Il conteste aussi fermement une falsification du contrat en vue d’obtenir le fameux agrément pour la nouvelle crèche : «Je n’avais aucun motif de faire cela. On avait assez de personnel dans le groupe qui aurait pu occuper la fonction de chargé de direction pour l’obtenir.» La nouvelle structure devait accueillir plus de 39 enfants. Ce qui fait qu’une certaine qualification et une certaine expérience professionnelle étaient requises de la personne responsable.
«Vous embauchez quelqu’un. Et pendant sa période d’essai, vous demandez un agrément pour une crèche en son nom… alors que vous ne savez pas si vous allez garder la personne à long terme», s’étonne encore le président.
Le licenciement 8 jours après l’agrément
Le représentant du parquet soulève la vitesse à laquelle tout s’est enchainé : «En date du 3 septembre, la crèche reçoit l’agrément. La lettre de licenciement est du 11 septembre.» Il constate également que le ministère n’a jamais été informé du licenciement de Sophie : «Et jamais un nouvel agrément n’a été demandé. Comment est-ce possible?» – «Oui, on n’a pas respecté les délais. On était un peu en retard pour trouver une nouvelle personne.» «Mais il n’y a pas eu falsification délibérée», insiste le quadragénaire. D’ailleurs, depuis cette affaire, il ferait «parapher chaque première page de tout contrat de travail». Aujourd’hui il travaille dans l’immobilier. En 2017, il a tout vendu.

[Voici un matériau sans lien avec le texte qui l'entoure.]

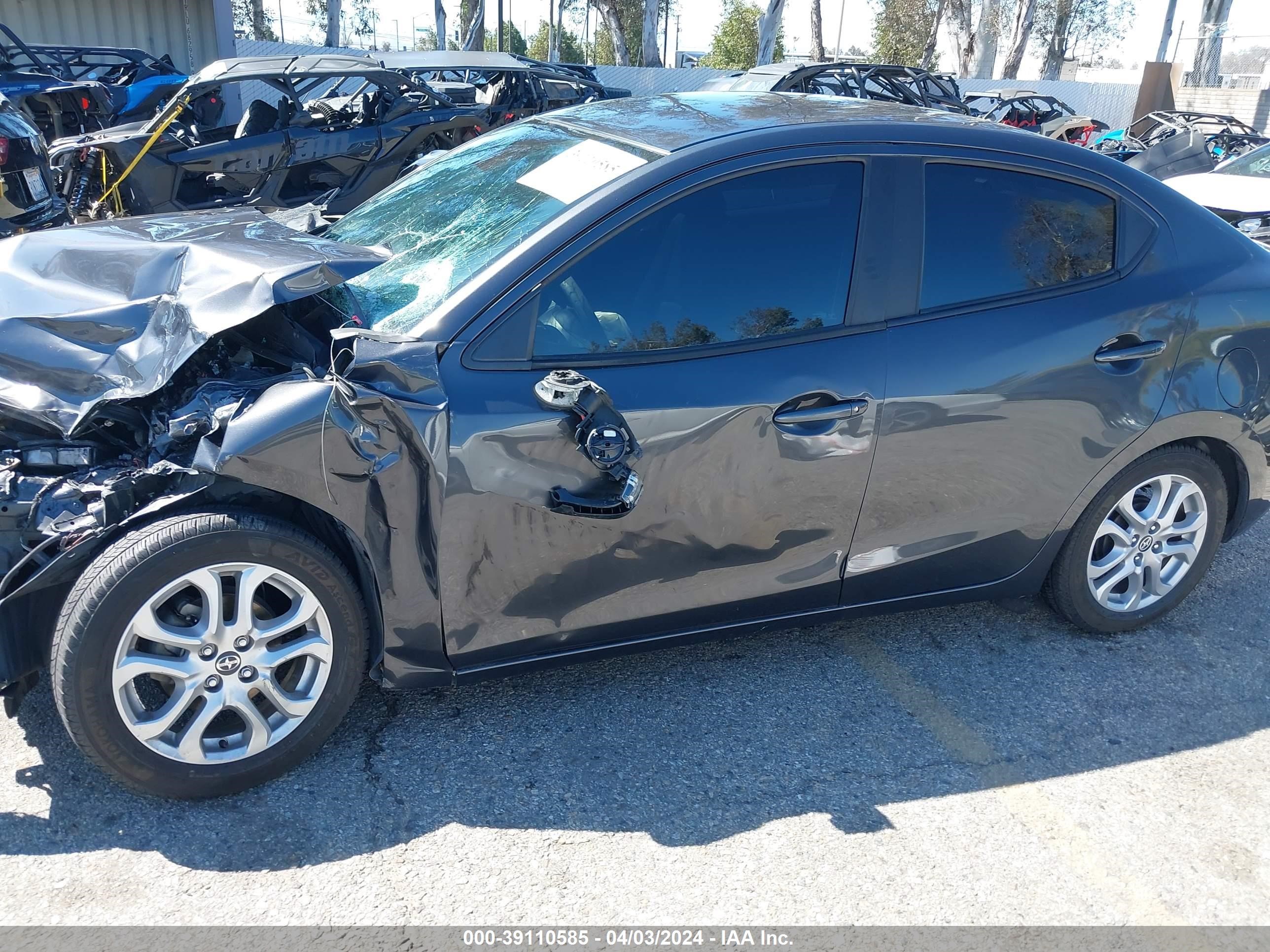 Photo 14 VIN: 3MYDLBZV0GY130803 - SCION IA 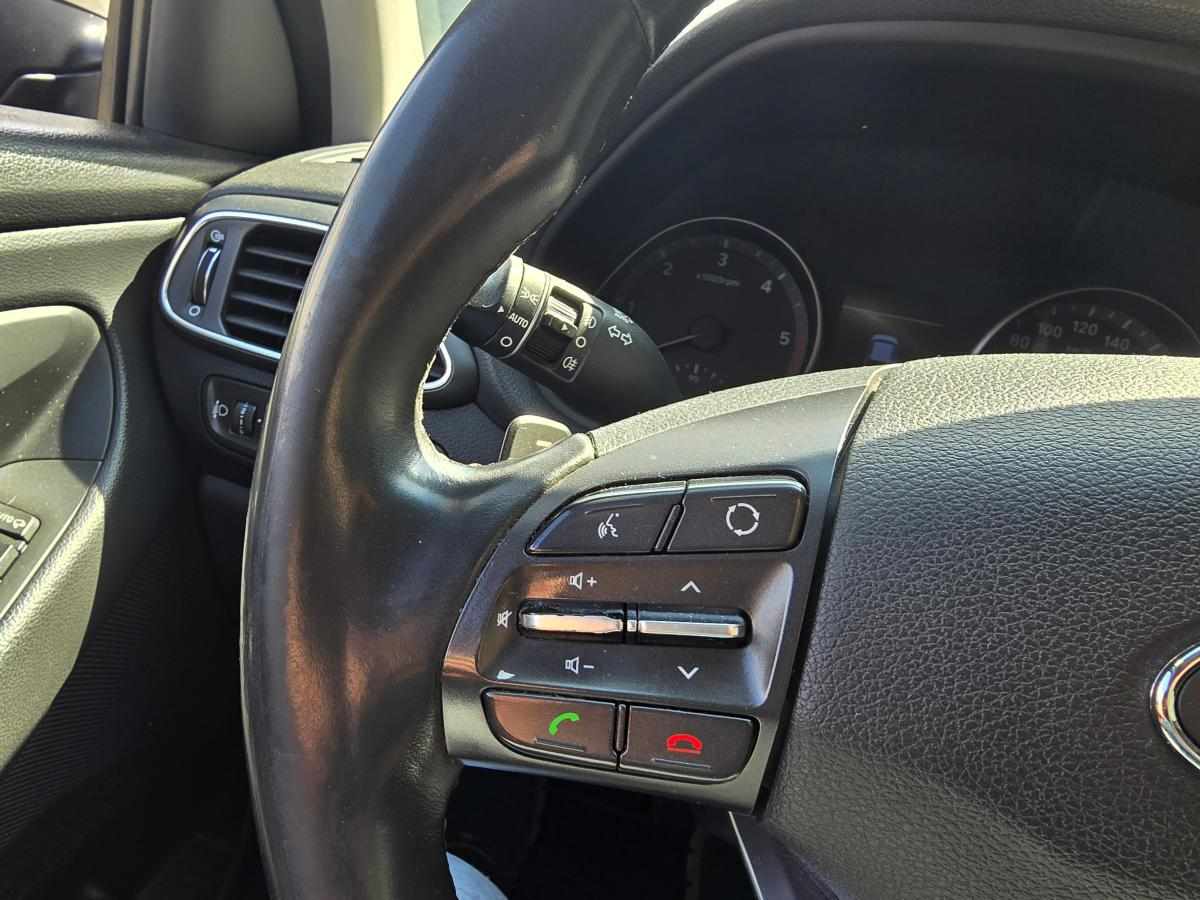 hyundai-i30-1-6-crdi-2019-diesel-1598cc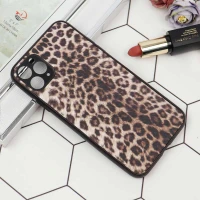 قاب محافظ لنزدار طرح پلنگی iPhone 11 Pro Max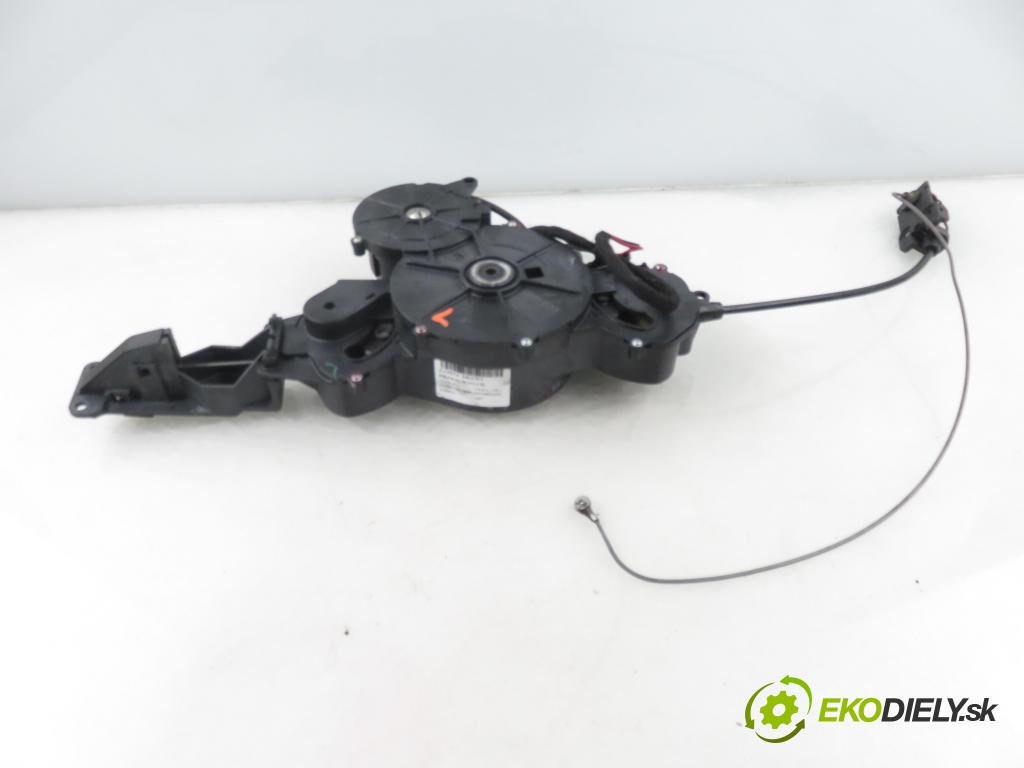 CITROEN C8 (EA_, EB_) MINIVAN 2007 100,00 2.0 HDi 135 - RHR (DW10BTED4) 1997,00 zámok Dvere posúvne 1489111080 ; 18113890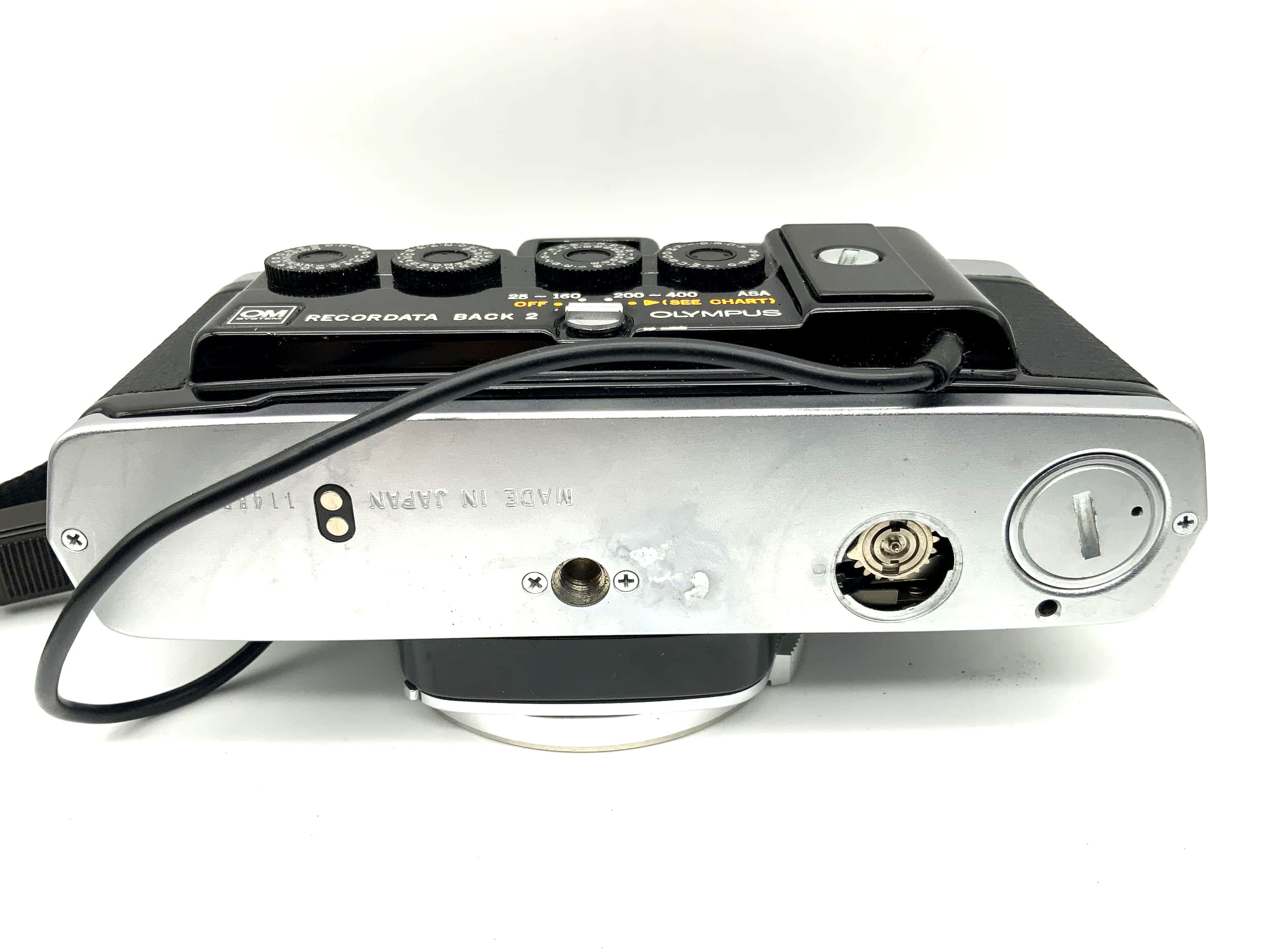 Olympus OM-2N 35mm analog SLR camera with Recordata Back 2 (Olympus OM)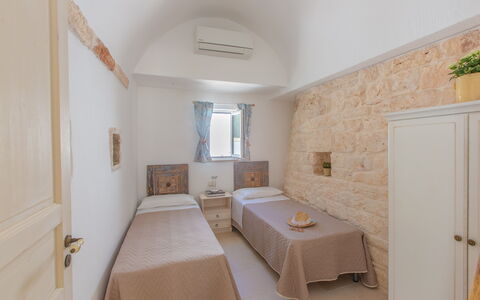Lamia Del Vespro: Fussboden, Decke, Flooring, Schlafzimmer, Wohnung, Bett, Bedding, Bettrahmen, Kissen, Hotel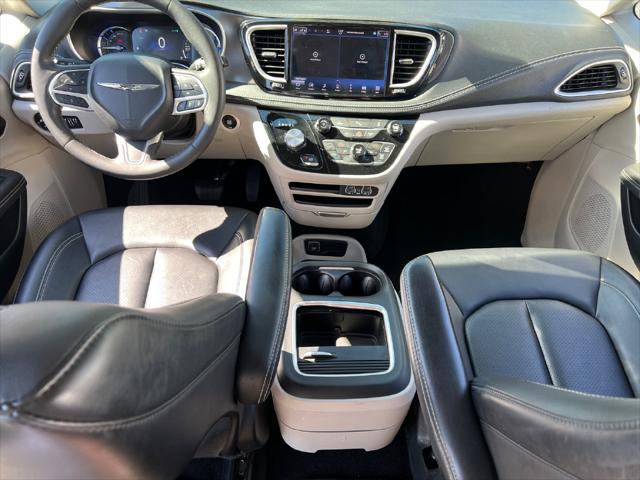 2024 Chrysler Pacifica Hybrid Select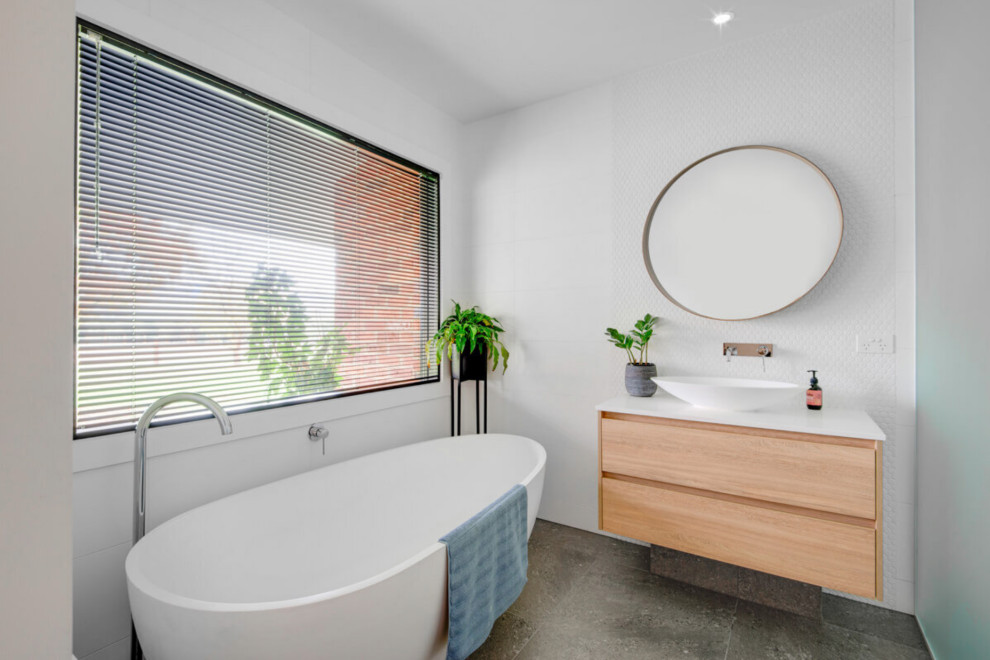 Design ideas for a contemporary bathroom in Melbourne.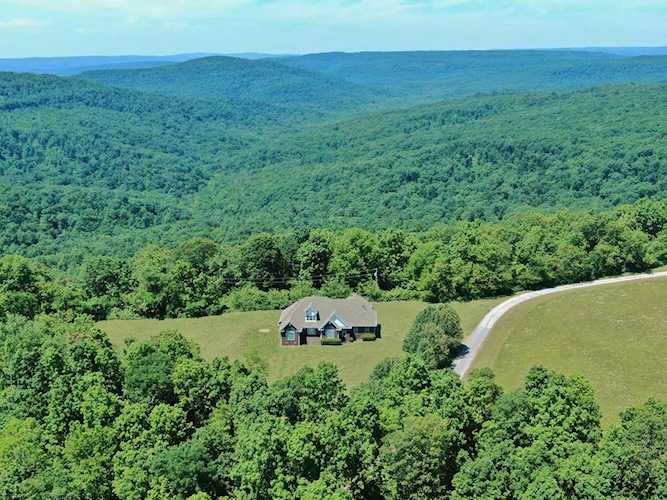 Hcr62 Box 205 C, Ozone, Newton county, AR 72854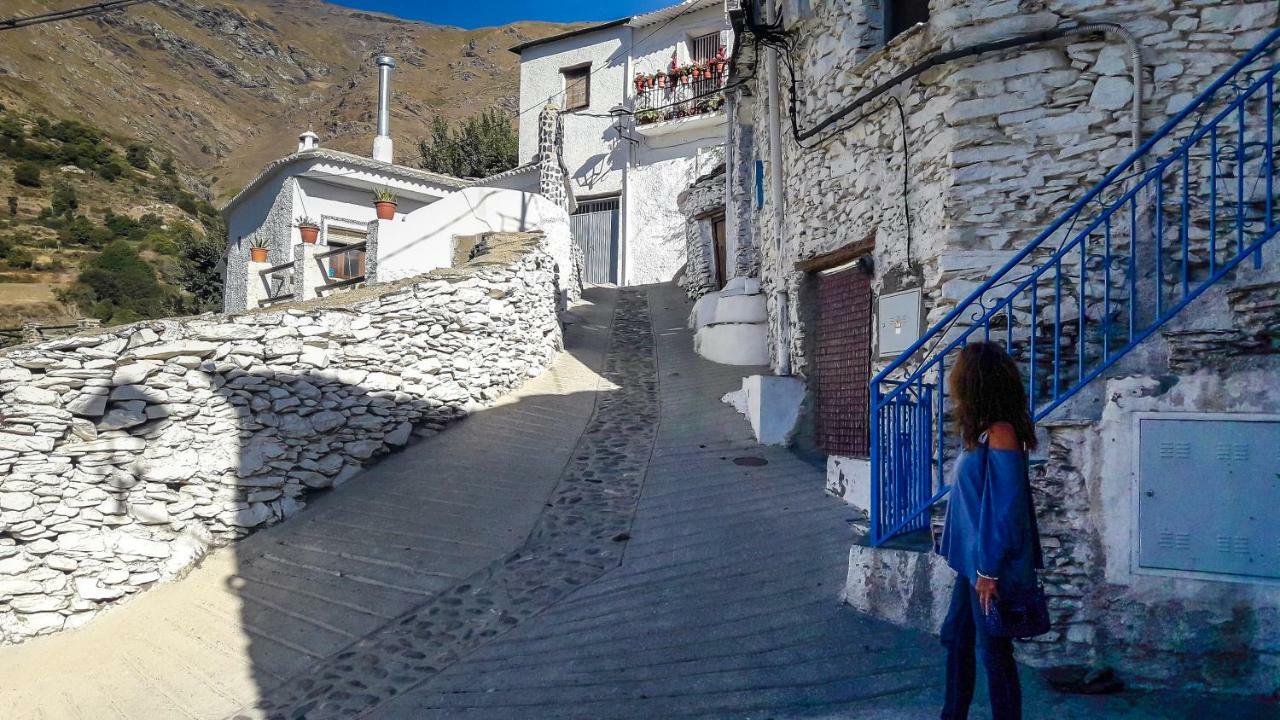 La Casa De La Bombilla Verde Trevélez Екстериор снимка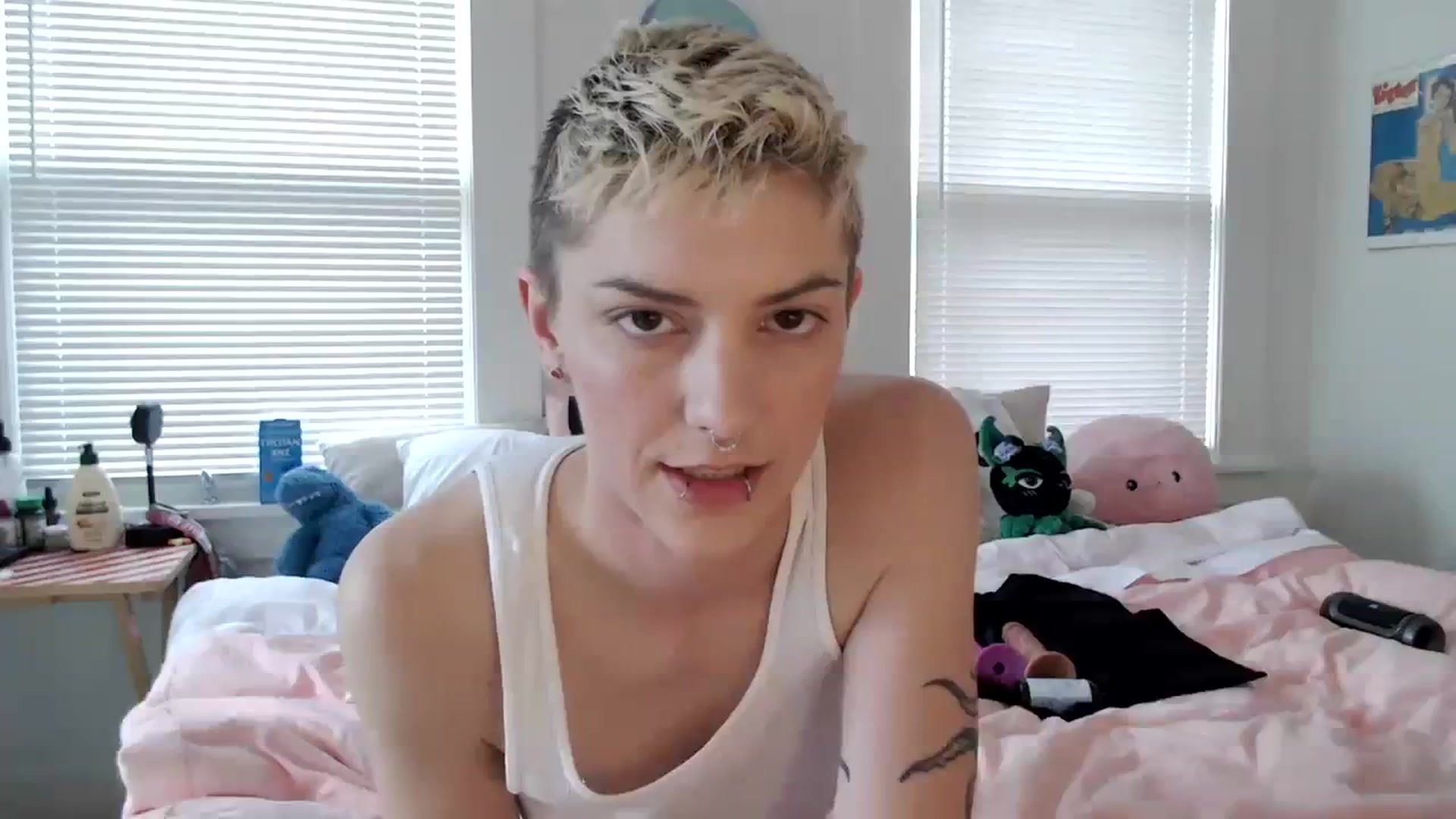 Gallery image thumbnail from Bigm0mmy's myfreecams stream on, 03/21/2024, 21:58 image 1 of 20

La société qui exploite les crèches a été rachetée. Elle se retrouve aujourd’hui aux côtés donc de son ex-gérant sur le banc des prévenus. Mais elle n’est pas d’accord. Et demande l’acquittement. Par la voix de son avocate Me Catherine Delsaux-Schoy, elle a fait savoir que l’ex-gérant a caché toute cette affaire pénale au repreneur. Impossible de se défendre sur ces faits de 2013. L’équipe en place n’est plus la même. Bref, d’après elle, les faits litigieux ne seraient imputables qu’à l’ex-gérant.
Les trois heures d’audience, jeudi, n’auront pas suffi pour venir à bout des débats. Suite et fin mardi matin avec les plaidoiries de la défense et le réquisitoire du parquet.